Read Your Own Mind: Reasoning Helps Surface Self-Confidence Signals in LLMs
This addresses the problem of unreliable self-confidence estimation in large language models for users needing trustworthy uncertainty quantification, though it's an incremental improvement on existing semantic entropy methods.
The researchers investigated why DeepSeek R1-32B shows overconfidence in its self-reported verbal confidence scores during question answering, finding that semantic entropy (requiring multiple response samples) provides more reliable uncertainty estimates. They demonstrated that forcing the model to generate long chain-of-thought reasoning before answering improves verbal confidence reliability by 25-40% on fact-retrieval tasks, and showed that a separate reader model can reconstruct similar confidences from just the reasoning chain.

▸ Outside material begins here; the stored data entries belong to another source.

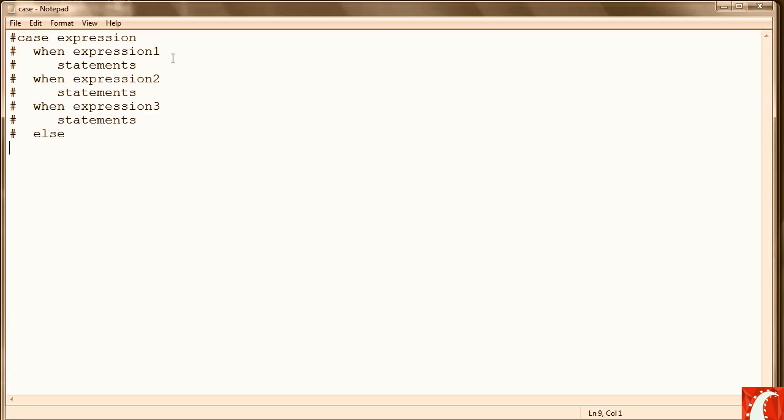Finally, you can have an else, and those statements will be executed if none of the other when expressions are true. And then finally we end the case with end.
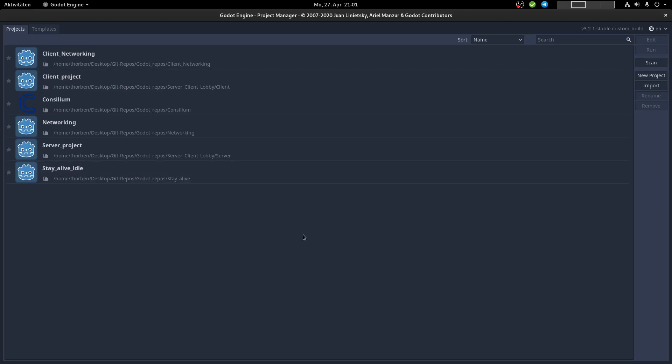Hello everyone, welcome to my first Godot tutorial series. In this tutorial series, I'm going to create a lobby matchmaking system with a lobby and client project.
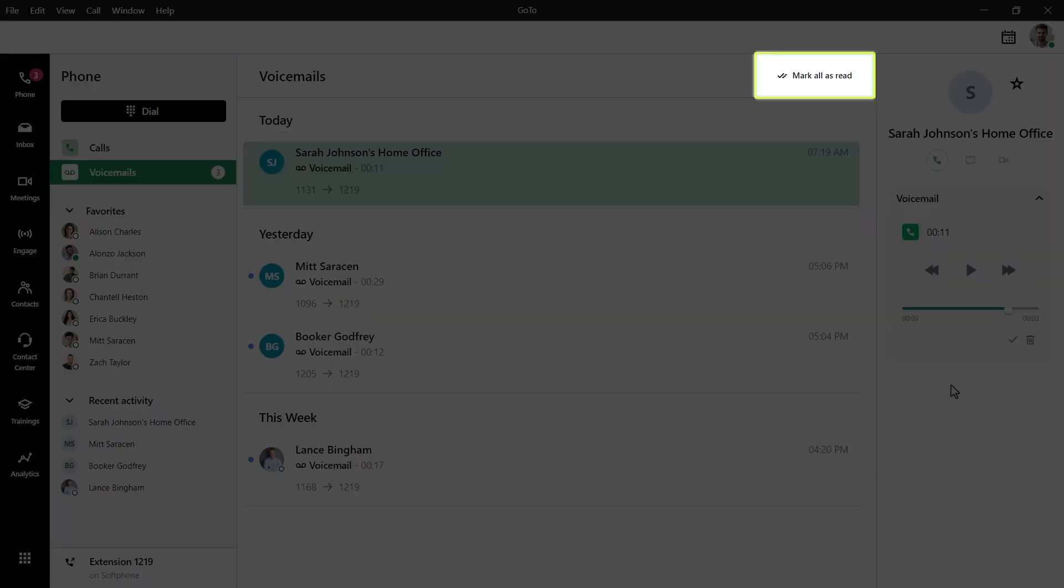As one final thing, take note of this option you can click if you want to mark all of your voicemail messages as read.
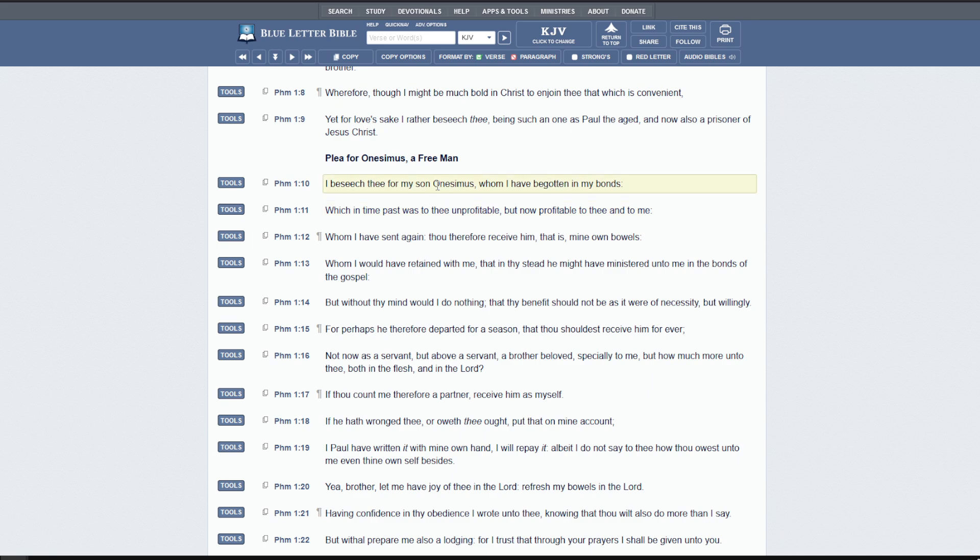This is not talking about someone that was saved and then did a wrong. This was something that was unsaved that ran. And then somehow, as Paul argues by God's providence, meets Paul and is then saved through Paul's work. And so he says, whom I have begotten in my bonds, which in time past was to thee unprofitable. It's funny because the name Onesimus means profitable. Which in time past was to thee unprofitable, but now profitable to thee and to me.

We study the source of uncertainty in DeepSeek R1-32B by analyzing its self-reported verbal confidence on question answering (QA) tasks. In the default answer-then-confidence setting, the model is regularly over-confident, whereas semantic entropy - obtained by sampling many responses - remains reliable. We hypothesize that this is because of semantic entropy's larger test-time compute, which lets us explore the model's predictive distribution. We show that granting DeepSeek the budget to explore its distribution by forcing a long chain-of-thought before the final answer greatly improves its verbal score effectiveness, even on simple fact-retrieval questions that normally require no reasoning. Furthermore, a separate reader model that sees only the chain can reconstruct very similar confidences, indicating the verbal score might be merely a statistic of the alternatives surfaced during reasoning. Our analysis concludes that reliable uncertainty estimation requires explicit exploration of the generative space, and self-reported confidence is trustworthy only after such exploration.